**Short descriptive text snippets**
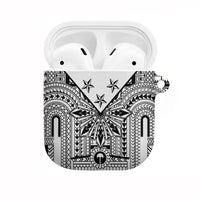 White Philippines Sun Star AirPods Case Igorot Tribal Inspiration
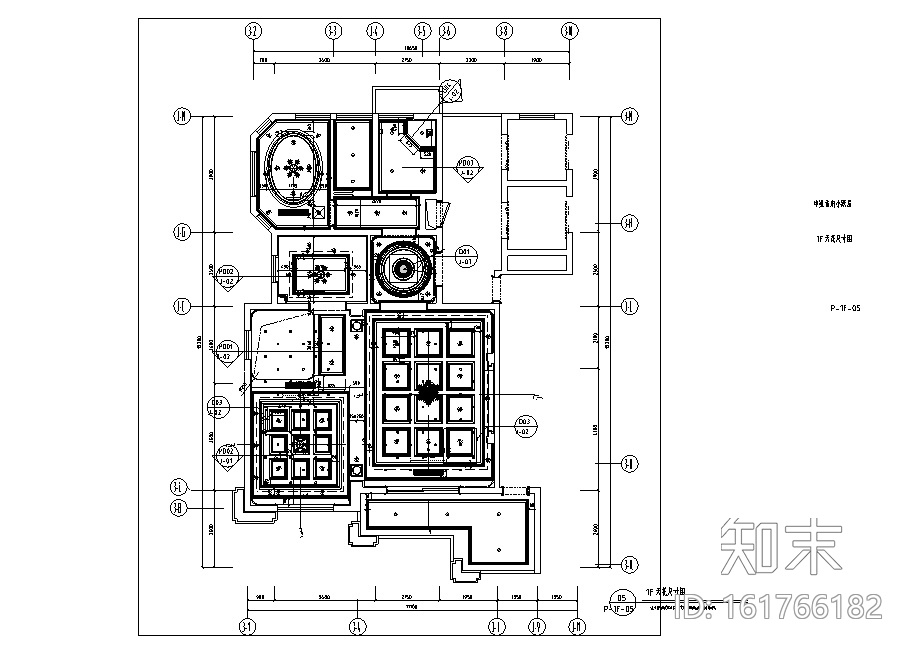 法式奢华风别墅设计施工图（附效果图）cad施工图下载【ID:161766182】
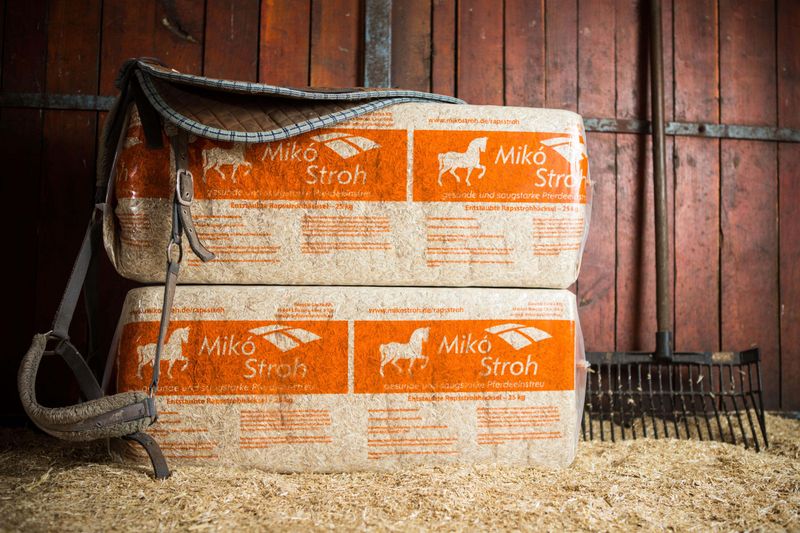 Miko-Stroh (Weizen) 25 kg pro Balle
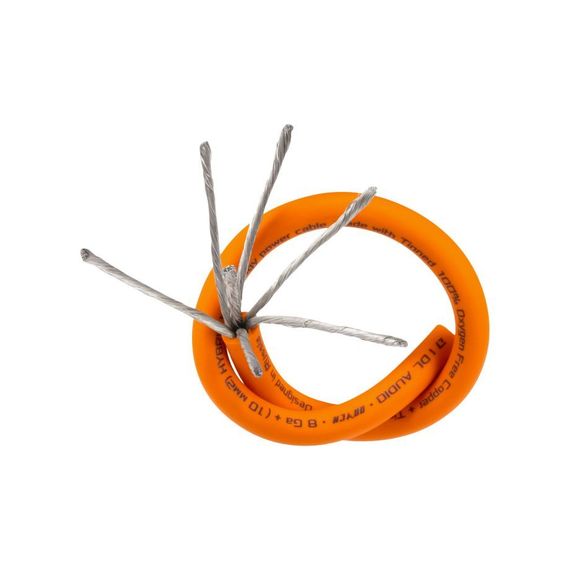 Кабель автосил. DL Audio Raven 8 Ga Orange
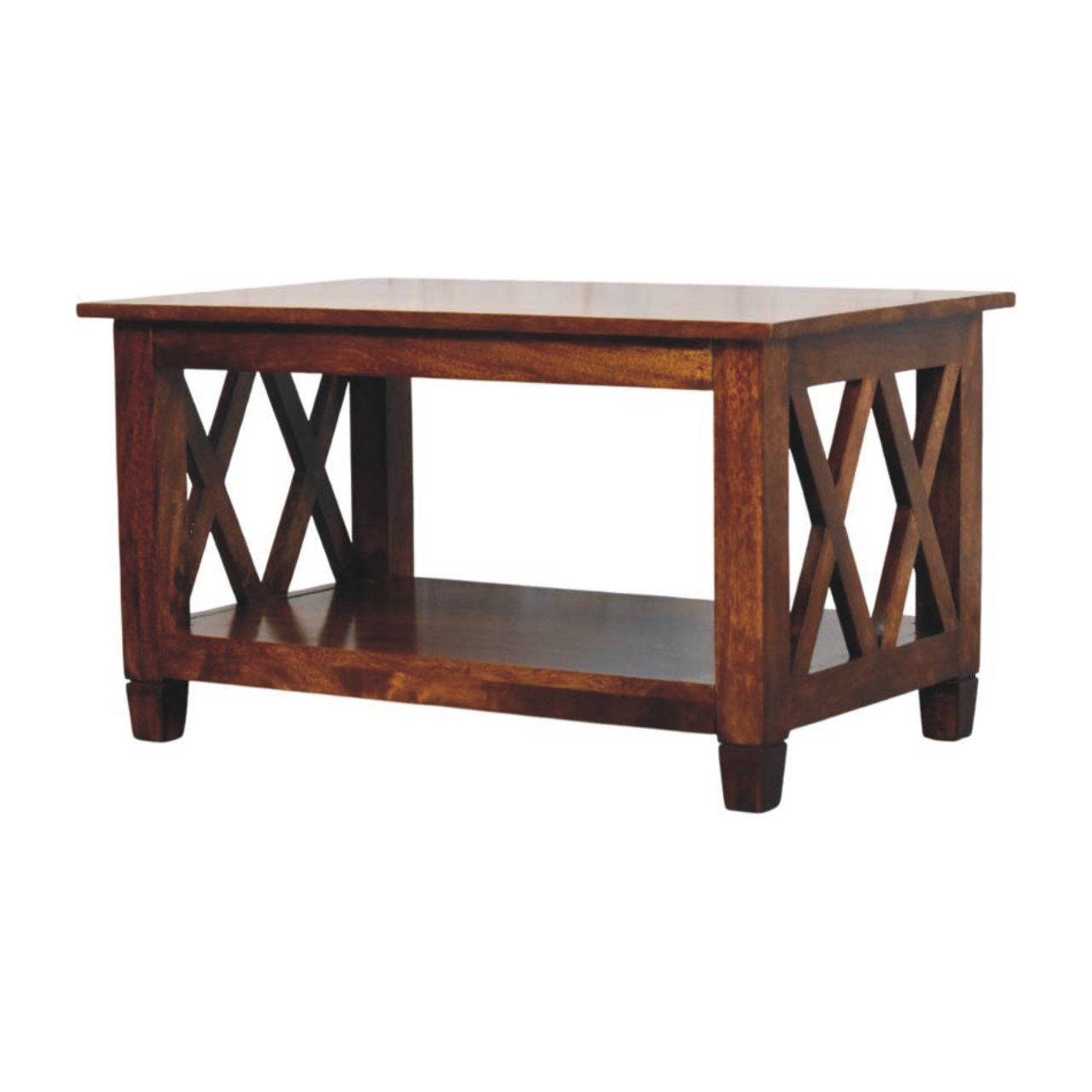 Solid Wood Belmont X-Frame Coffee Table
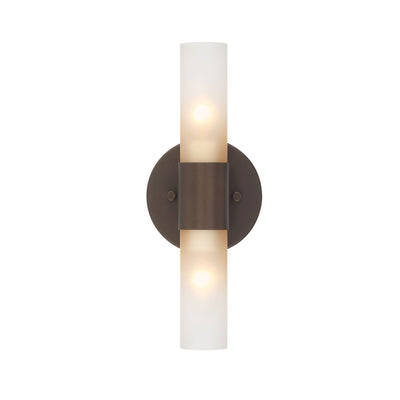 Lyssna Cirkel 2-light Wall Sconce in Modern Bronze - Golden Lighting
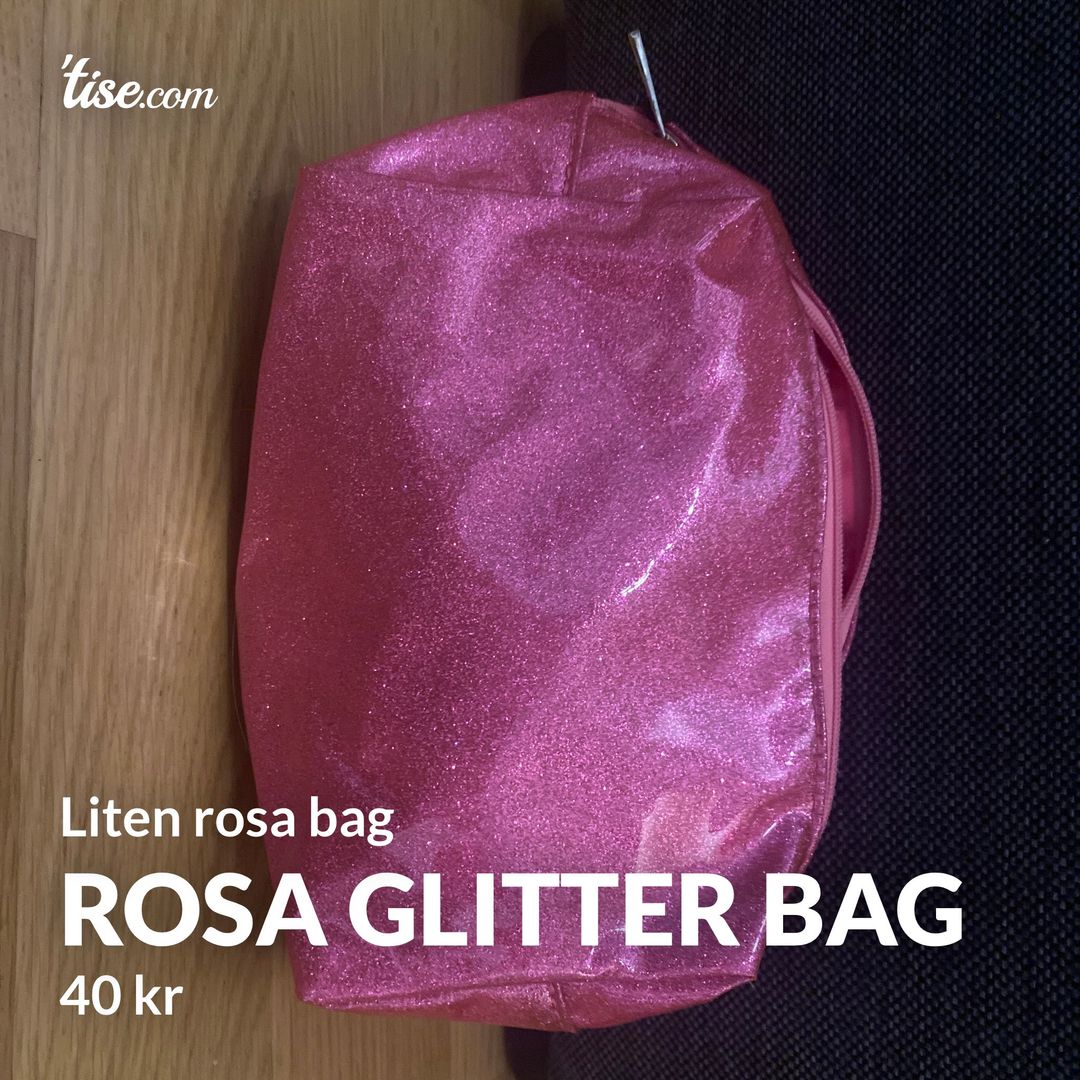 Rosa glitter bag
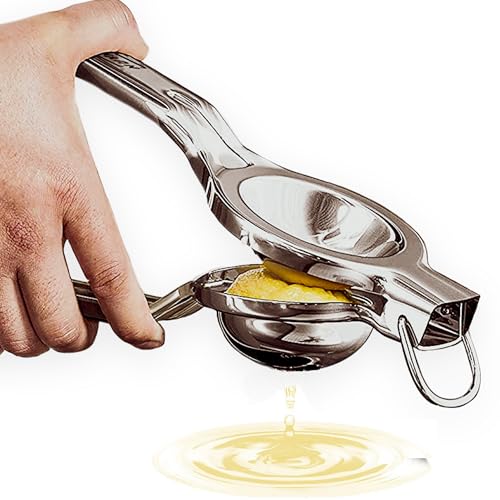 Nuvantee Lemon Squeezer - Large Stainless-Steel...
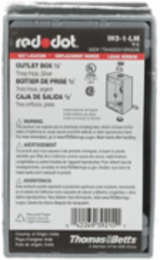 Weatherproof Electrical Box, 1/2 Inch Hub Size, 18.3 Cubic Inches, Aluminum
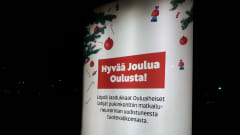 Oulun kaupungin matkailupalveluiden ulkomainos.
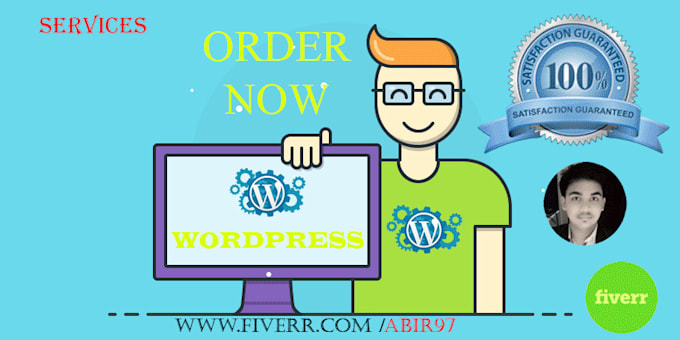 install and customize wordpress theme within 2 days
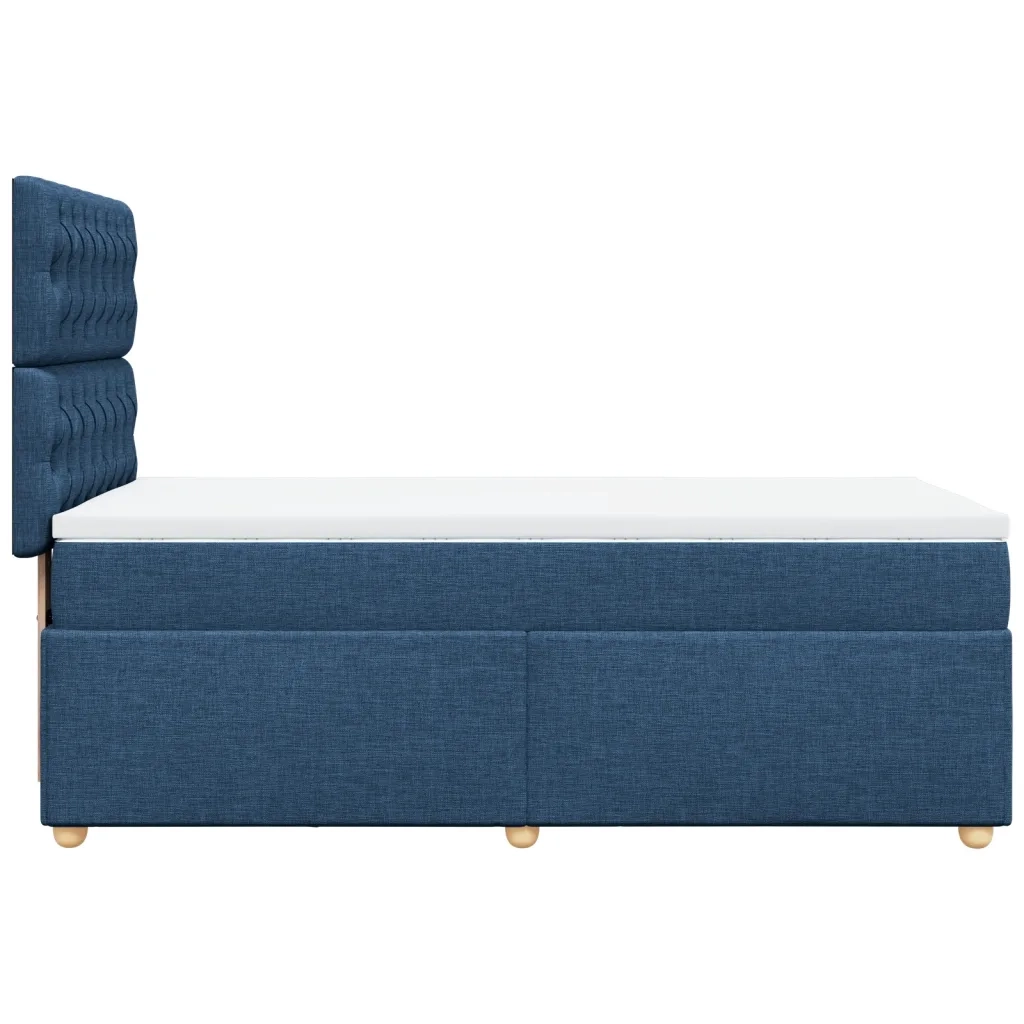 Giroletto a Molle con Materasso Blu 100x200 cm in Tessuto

**Assigned task**
Restate the data word for word and exclude every picture.

**Response area**
 White Philippines Sun Star AirPods Case Igorot Tribal Inspiration
 法式奢华风别墅设计施工图（附效果图）cad施工图下载【ID:161766182】
 Miko-Stroh (Weizen) 25 kg pro Balle
 Кабель автосил. DL Audio Raven 8 Ga Orange
 Solid Wood Belmont X-Frame Coffee Table
 Lyssna Cirkel 2-light Wall Sconce in Modern Bronze - Golden Lighting
 Rosa glitter bag
 Nuvantee Lemon Squeezer - Large Stainless-Steel...
 Weatherproof Electrical Box, 1/2 Inch Hub Size, 18.3 Cubic Inches, Aluminum
 Oulun kaupungin matkailupalveluiden ulkomainos.
 install and customize wordpress theme within 2 days
 Giroletto a Molle con Materasso Blu 100x200 cm in Tessuto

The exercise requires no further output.